Off to College – with Food Allergies
To further assist, the staff in food services will buy allergy-friendly foods at wholesale prices, keeping students’ costs lower. “This is their home and we need to be there for them,” explains Heather Seymour, the food services coordinator. The main cafeteria station also just implemented a no-nuts and no-peanuts policy in time for the fall semester.
Still, such accommodations are not yet the norm. Some of the top institutions of higher learning offer no special accommodations or directives for making substitutions in the meal plans. UWO’s nutritionist notes, however, that the food services staff does attend an annual training session with Anaphylaxis Canada on safe food handling, and that students are encouraged to work with the chefs and supervisors to ensure that safe options are available.
If you’re in residence at U of T, the administration recommends that allergic students work with the food services company to find appropriate dining choices. But as you must take part in the meal plan, this is not foolproof.
In residence, Creese asked the food services staff about ingredients at every meal. Yet in first year, she fairly often took ill after eating. Eventually, the student became the “meal plan fairy,” giving away her cafeteria tickets to friends.
Determined to spend the four years in residence, Creese had to pay for food she wouldn’t eat. “That’s $12,000 down the drain,” she says. But she ate well in her room: her mother lived 45 minutes away and was able to freeze meals that her daughter could microwave.
“It is difficult in university to create a safe environment,” says Creese, who is now married and completing a Masters of Science at the University of Guelph. “The [food services staff] were insensitive. Even the other food places on campus can be truculent when you ask about ingredients.”
Change may be slow, but it is coming as more institutions try to work out arrangements for students with allergies. Montreal’s Concordia University only has 200 kids in residence and while staff haven’t had to accommodate severe food allergies, the institution did remove all of the carpets in the dorms to reduce environmental allergens.
Last year, the Canadian Mennonite University in Winnipeg announced a scent-free policy, encouraging its students to avoid certain perfumed products in consideration of those with asthma or sensitivities to chemicals.
South of the border, the range of accommodation of food allergies at U.S. universities and colleges is similarly broad.

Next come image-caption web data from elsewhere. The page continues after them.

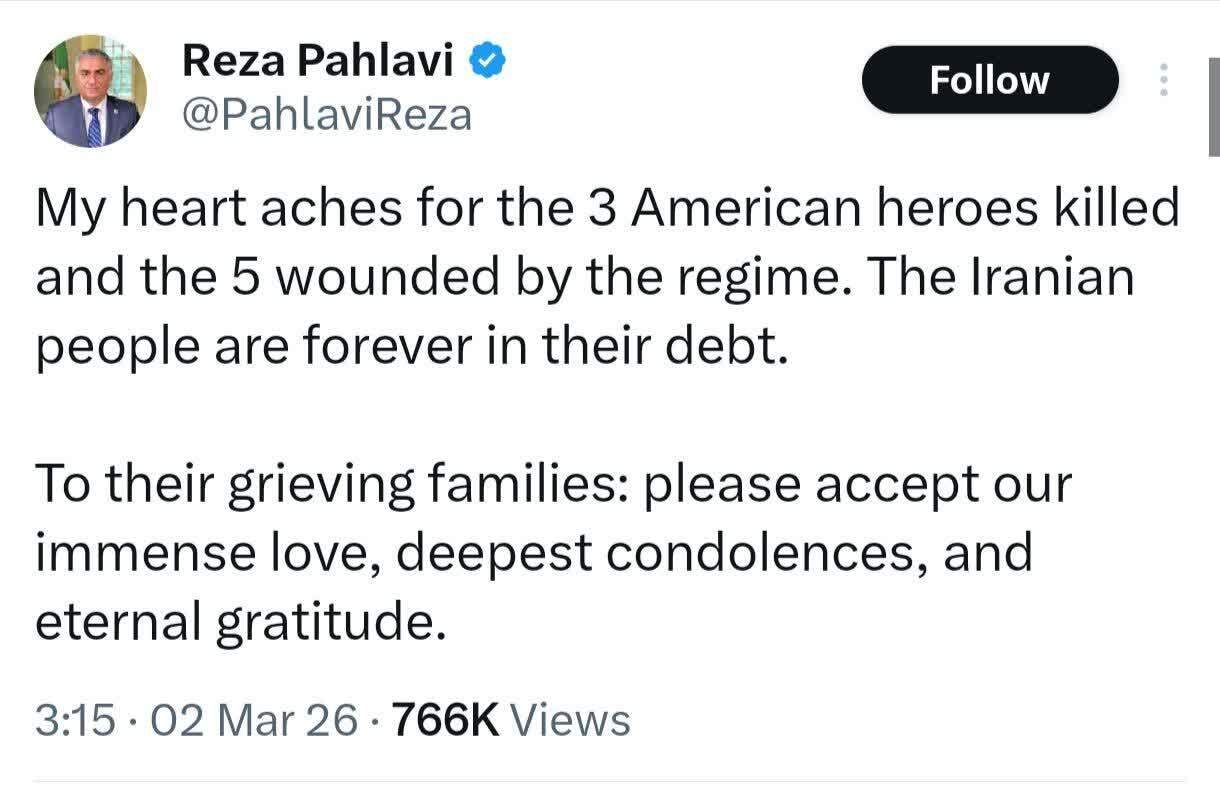 ابراز همدردی رضا پهلوی با اربابش ترامپ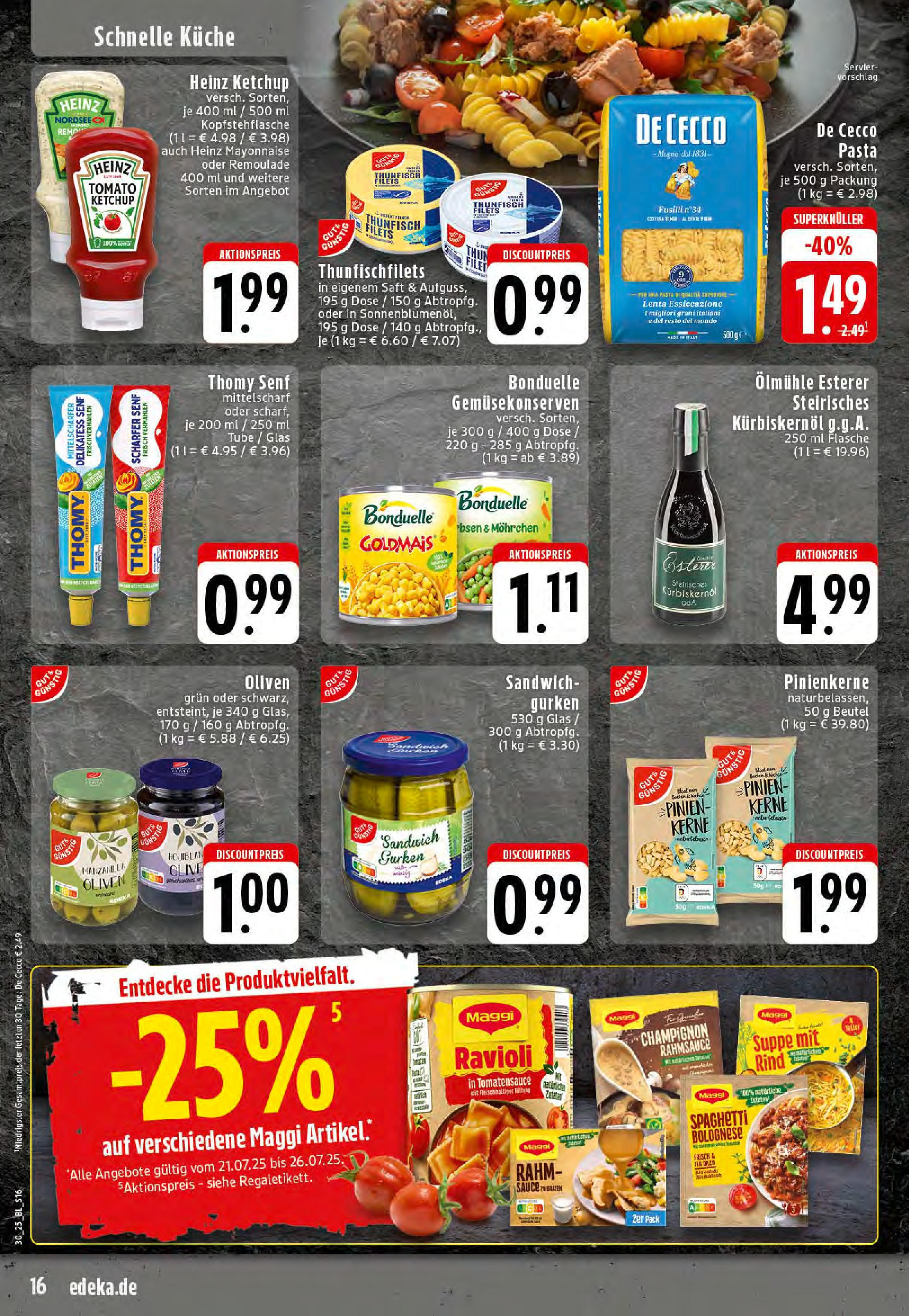 Edeka prospekt Rheine	 (ab 20.07.2025) » Angebote Online | Seite: 16 | Produkte: Mayonnaise, Maggi suppe, Pasta, Gurken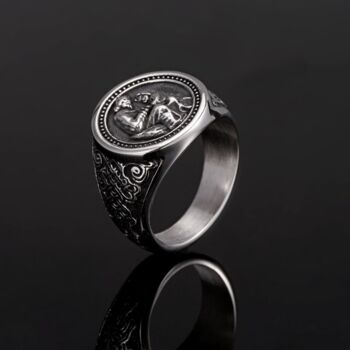 Men's Gold Saint Christopher Steel Signet Ring For Men, 6 of 12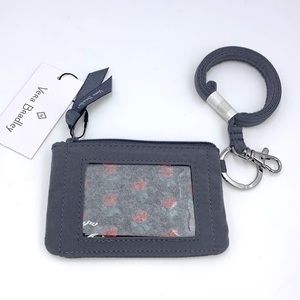 Vera Bradley Zip ID Case and Lanyard Set in Carbon Gray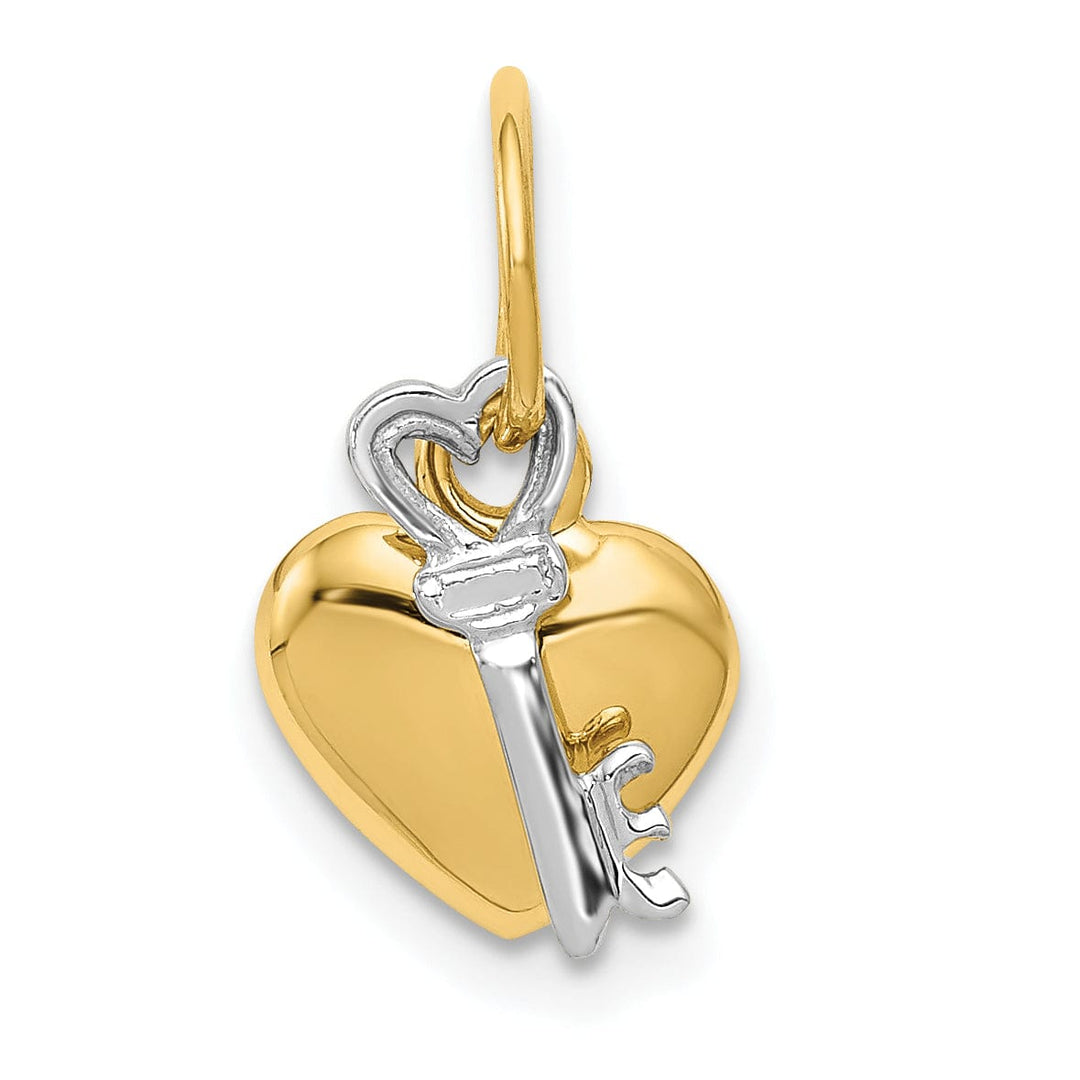 Lovely Rita's Pendants & Charms 14K Yellow Gold Moveable Key and Heart Lock Charm Pendant
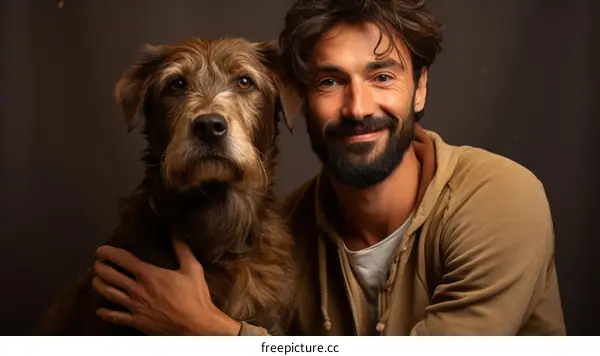 A man and his dog pose for a portrait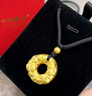 中国黄金（CHINA GOLD）貔貅平安扣黄金吊坠男女款足金项链皮丘挂坠情人节生日礼物送男友 【今/次日达】貔貅吊坠+古法金珠 约2g【黑绳】 实拍图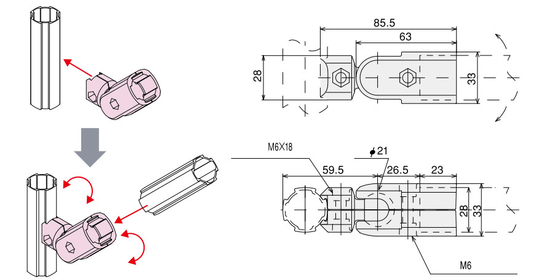 Aluminum Alloy Tube Fitting Universal 180 Degree Flexible Free Connector AL-5
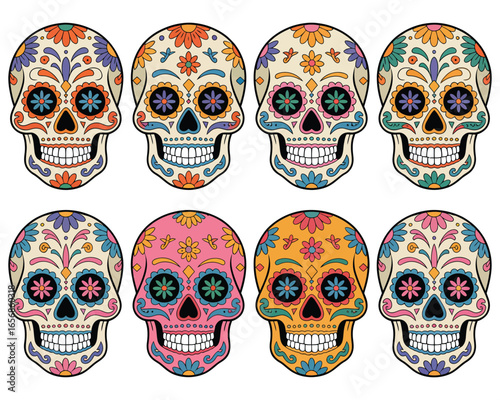 A Vibrant Collection of 8 Decorative Sugar Skulls for Day of the Dead Celebrations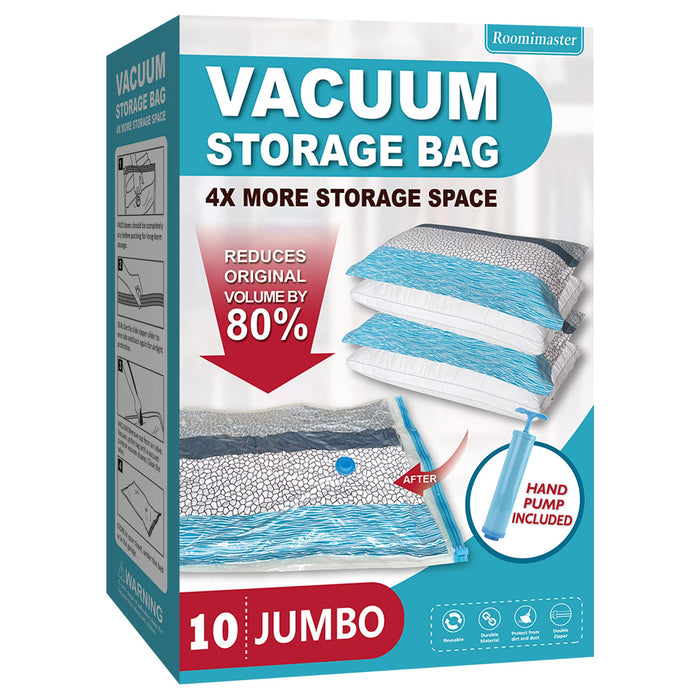 Vacuum Storage Bags, 10 Jumbo Space Saver Bags Vacuum Seal Bags with Pump, Space Bags, Vacuum Sealer Bags for Clothes, Comforters, Blankets, Bedding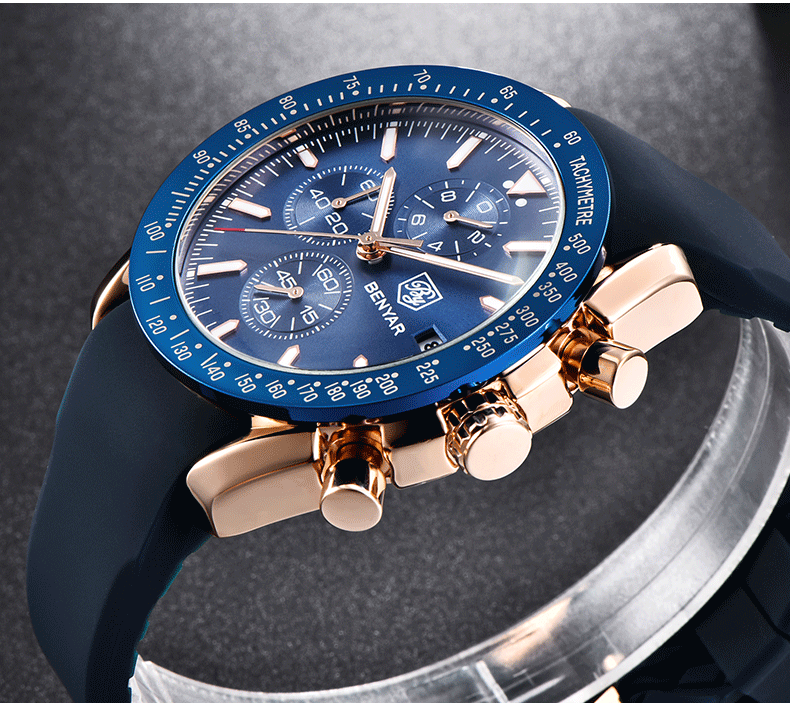 Hot Selling Watch Men's Quartz Watch MultiFunctional Waterproof Sports Fashion Men's Watch Silicone Wrist Watch 5140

Western Washington University in Bellingham, Wash., for example, does not collect allergy information when admitting freshmen.
New students with allergies are directed to the school’s registered dietitian, who states on the university’s website that while 3 per cent of the population think they have allergies, only 1 per cent have “true allergies”. (According to the latest medical studies, the incidence has in fact risen to about 4 per cent in the general population.)
But then there is the University of Michigan in Ann Arbor, which provides a lot of helpful information for students, including lists of unsafe menu items for different food allergies and tips on how to handle emergency situations at college.
Anne Muñoz-Furlong, CEO and founder of the Virginia-based Food Allergy & Anaphylaxis Network, says that in the past five years, U.S. universities have “made very positive steps” toward accommodating students with allergies. While FAAN offers a free food service training program for universities, it is really the students who are driving the issue, she says.
“The kids have created a need for schools to get on board. Any school that wants to stay competitive will have to become food allergy friendly.” Muñoz-Furlong notes that Brown and Cornell universities, in particular, have both worked with FAAN to develop proactive policies for allergic students.